Oil marketers have voiced concerns about the government’s last-minute decision to reduce diesel prices by Sh10 per litre through a Sh2.7 billion subsidy, as well as its failure to clear arrears from previous subsidies.
They said the government’s failure to clear arrears from the previous subsidies has triggered a cash crunch in the industry.
Industry executives said oil marketers were not consulted on the decision to increase the diesel subsidy, which they claim adds to the nearly Sh20 billion in unpaid arrears that are hurting their cash flows.
The government’s decision increased the diesel subsidy to Sh24.57 per litre, reducing prices to Sh232.86 in Nairobi.
Despite the government agreeing to lower the diesel price by about Sh10 a litre, negotiations on Monday, the first day of the strike, failed to reach an agreement.
The public transport strike over fuel price hikes triggered by the Iran war was called off on Tuesday, after the government reached an interim agreement with the lobby representing bus and minibus owners to pause the protests for seven days.
Last night’s decision will cost Sh2.7 billion in additional subsidy, bringing to Sh16.6 billion the subsidy bill for the two monthly cycles since April 15, with the industry now jittery on when the debt will be paid.
‘They did not involve us in the talks. As an industry, we are assessing the situation from a working capital perspective. We were kept in the dark about it and they just sent emails on the price changes via SupplyCor,’ said an executive.
‘The subsidy is obviously bigger given the additional Sh10 per litre of diesel. Monies owed to us are piling and seemingly the government does not care if we have the means to finance the product,’ said the executive.
SupplyCor is the secretariat for oil marketers in Kenya and liaises with the Ministry of Energy and Petroleum and the energy regulator to coordinate importation of fuel and also the monthly computation of prices.
‘On the matter of the subsidy alone, between last month and this month, the government has applied some Sh13.9 billion to manage the cost of fuel. Last night’s reduction by Sh10 on the cost of diesel took some Sh2.7 billion,’ Energy and Petroleum CS Opiyo Wandayi said on Tuesday.
Besides the Sh16.6 billion for the two months, oil marketers have cited an additional subsidy debt of Sh1.7 billion, which has been verified but is yet to be paid, and another Sh9 billion awaiting verification.
Delays in settling the subsidy arrears have been blamed for the erratic fuel supply, which has hit the country since last month, as oil marketers grapple with thinning capital against the costly fuel.
Stations owned by major retailers such as Vivo Energy and Rubis Energy Kenya and dozens of others outside the major cities, have been grappling with erratic supplies since last month.
The inconsistent supplies have been blamed on thinning working capital, which has made it increasingly difficult to get fuel from the system of the Kenya Pipeline Company (KPC).
Oil marketers must pay fuel taxes upfront before evacuating their product from the KPC system, laying bare the tribulations that have forced many to seek bank loans and others to shut down.
The government has, in the past, been unable to pay subsidy arrears owed to oil marketers, underscoring the fear currently building up in the industry.
In 2023, the government floated a bond to clear a Sh45.8 billion debt that had piled up under the fuel subsidy scheme. The industry says the government is mishandling the fuel prices crisis, raising questions on the apparent lack of prior engagement even before the new prices were announced on May 14.
‘The government can engage specific players, but this should have happened well in advance to get ways of moving forward and look at all options,’ said another executive.
‘With the bigger subsidy, the industry under-recovery is getting worse; you have a new problem now.
The government is opening more debt, and they are failing at the technical aspects of this crisis,’ added an industry insider who requested anonymity.
Higher landed costs of fuel mean that oil marketers are using more cash to buy the same volumes of fuel. The need for increased funding has forced many to seek bank loans, while the smaller ones are being forced to shut down operations.

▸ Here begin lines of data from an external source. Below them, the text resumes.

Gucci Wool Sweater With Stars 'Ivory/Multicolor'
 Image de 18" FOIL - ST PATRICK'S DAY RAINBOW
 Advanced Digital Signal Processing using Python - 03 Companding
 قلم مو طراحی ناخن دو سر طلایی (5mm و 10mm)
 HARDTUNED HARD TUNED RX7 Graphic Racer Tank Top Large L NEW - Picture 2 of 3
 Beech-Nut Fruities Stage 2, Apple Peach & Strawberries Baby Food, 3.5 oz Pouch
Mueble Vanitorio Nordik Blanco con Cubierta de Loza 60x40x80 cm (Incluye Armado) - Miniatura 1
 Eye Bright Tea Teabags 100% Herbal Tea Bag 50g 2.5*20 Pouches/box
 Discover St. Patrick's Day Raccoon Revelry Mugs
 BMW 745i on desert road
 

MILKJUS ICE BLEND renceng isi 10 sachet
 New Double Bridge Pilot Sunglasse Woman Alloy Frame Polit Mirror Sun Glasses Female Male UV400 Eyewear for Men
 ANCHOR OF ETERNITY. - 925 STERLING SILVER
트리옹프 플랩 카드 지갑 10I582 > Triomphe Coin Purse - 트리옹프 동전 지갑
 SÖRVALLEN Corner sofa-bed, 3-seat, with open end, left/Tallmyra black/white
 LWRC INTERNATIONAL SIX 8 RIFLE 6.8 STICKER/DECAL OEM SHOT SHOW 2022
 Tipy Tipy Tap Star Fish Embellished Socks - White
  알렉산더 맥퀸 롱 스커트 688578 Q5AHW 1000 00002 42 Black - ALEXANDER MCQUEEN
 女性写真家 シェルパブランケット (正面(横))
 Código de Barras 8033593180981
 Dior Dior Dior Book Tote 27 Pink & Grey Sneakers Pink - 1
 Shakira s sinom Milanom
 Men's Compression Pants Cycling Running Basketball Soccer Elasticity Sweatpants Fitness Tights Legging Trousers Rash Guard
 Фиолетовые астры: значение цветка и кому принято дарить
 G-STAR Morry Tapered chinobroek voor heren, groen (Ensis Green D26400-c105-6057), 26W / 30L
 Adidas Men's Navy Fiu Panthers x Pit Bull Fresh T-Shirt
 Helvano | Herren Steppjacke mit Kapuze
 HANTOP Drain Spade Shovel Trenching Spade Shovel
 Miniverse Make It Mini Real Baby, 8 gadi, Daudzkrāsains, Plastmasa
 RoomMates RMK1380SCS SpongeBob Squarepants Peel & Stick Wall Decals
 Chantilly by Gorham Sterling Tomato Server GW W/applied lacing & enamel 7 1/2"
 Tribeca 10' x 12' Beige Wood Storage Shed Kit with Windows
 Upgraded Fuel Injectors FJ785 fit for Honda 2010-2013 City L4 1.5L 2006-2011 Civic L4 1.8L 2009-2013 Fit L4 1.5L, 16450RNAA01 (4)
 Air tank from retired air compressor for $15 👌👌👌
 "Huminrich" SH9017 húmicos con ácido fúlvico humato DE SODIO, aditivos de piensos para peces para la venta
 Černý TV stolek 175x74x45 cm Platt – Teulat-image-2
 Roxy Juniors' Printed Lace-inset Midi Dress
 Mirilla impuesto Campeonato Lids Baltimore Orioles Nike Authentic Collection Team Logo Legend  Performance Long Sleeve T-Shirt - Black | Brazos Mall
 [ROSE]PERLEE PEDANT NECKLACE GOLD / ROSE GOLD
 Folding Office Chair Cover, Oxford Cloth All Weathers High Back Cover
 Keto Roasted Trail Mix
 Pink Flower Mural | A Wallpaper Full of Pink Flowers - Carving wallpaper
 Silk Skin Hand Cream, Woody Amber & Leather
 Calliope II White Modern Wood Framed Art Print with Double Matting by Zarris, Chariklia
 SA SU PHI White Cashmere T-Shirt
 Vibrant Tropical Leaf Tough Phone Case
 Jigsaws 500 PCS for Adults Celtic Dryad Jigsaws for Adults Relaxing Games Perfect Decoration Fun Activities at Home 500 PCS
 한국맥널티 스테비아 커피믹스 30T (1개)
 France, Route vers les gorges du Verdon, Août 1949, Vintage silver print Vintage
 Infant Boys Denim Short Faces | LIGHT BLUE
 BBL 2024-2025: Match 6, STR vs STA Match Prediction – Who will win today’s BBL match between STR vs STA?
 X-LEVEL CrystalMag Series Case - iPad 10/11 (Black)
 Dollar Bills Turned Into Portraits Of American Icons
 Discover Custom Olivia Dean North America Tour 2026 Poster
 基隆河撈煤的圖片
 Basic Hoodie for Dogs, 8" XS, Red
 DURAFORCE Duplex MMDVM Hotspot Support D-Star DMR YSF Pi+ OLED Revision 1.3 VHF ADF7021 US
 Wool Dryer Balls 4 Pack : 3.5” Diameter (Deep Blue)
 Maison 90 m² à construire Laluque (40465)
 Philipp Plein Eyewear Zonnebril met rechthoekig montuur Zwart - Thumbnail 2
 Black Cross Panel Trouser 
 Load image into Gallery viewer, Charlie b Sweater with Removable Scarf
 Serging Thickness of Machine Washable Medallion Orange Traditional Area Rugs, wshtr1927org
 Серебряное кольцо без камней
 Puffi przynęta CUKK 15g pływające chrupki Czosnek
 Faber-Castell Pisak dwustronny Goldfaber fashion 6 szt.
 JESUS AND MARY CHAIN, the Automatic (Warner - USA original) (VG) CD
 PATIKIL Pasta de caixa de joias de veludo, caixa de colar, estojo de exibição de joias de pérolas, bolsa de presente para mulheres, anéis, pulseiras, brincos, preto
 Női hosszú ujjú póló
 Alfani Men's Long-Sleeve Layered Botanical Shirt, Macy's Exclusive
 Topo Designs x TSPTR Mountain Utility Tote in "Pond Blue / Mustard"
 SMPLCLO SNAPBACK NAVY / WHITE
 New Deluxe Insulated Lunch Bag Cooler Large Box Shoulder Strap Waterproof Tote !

Another industry executive says that marketers will increasingly find it difficult to buy products given that the additional subsidy and delayed compensation will eat into the working capital, making it hard to pay for the expensive fuel.
‘What this does is that the industry will plunge deep into chaos unless the government moves quickly and clears the money. The subsidy debt has deprived marketers of billions of shillings to pay for fuel and taxes, and this is seen in the erratic supplies,’ said another executive.
Oil marketers are waiting with bated breath to see the measures the government will deploy to lower pump prices within the next seven days.
Public service transporters, who led the nationwide strike on Monday, agreed to return to the road as talks
continue with the government over the costly fuel.
Transporters hiked fares significantly from last week in response to the spike in diesel prices and it remains to be seen whether they will lower the fares in the wake of Tuesdday’s move to suspend the strike.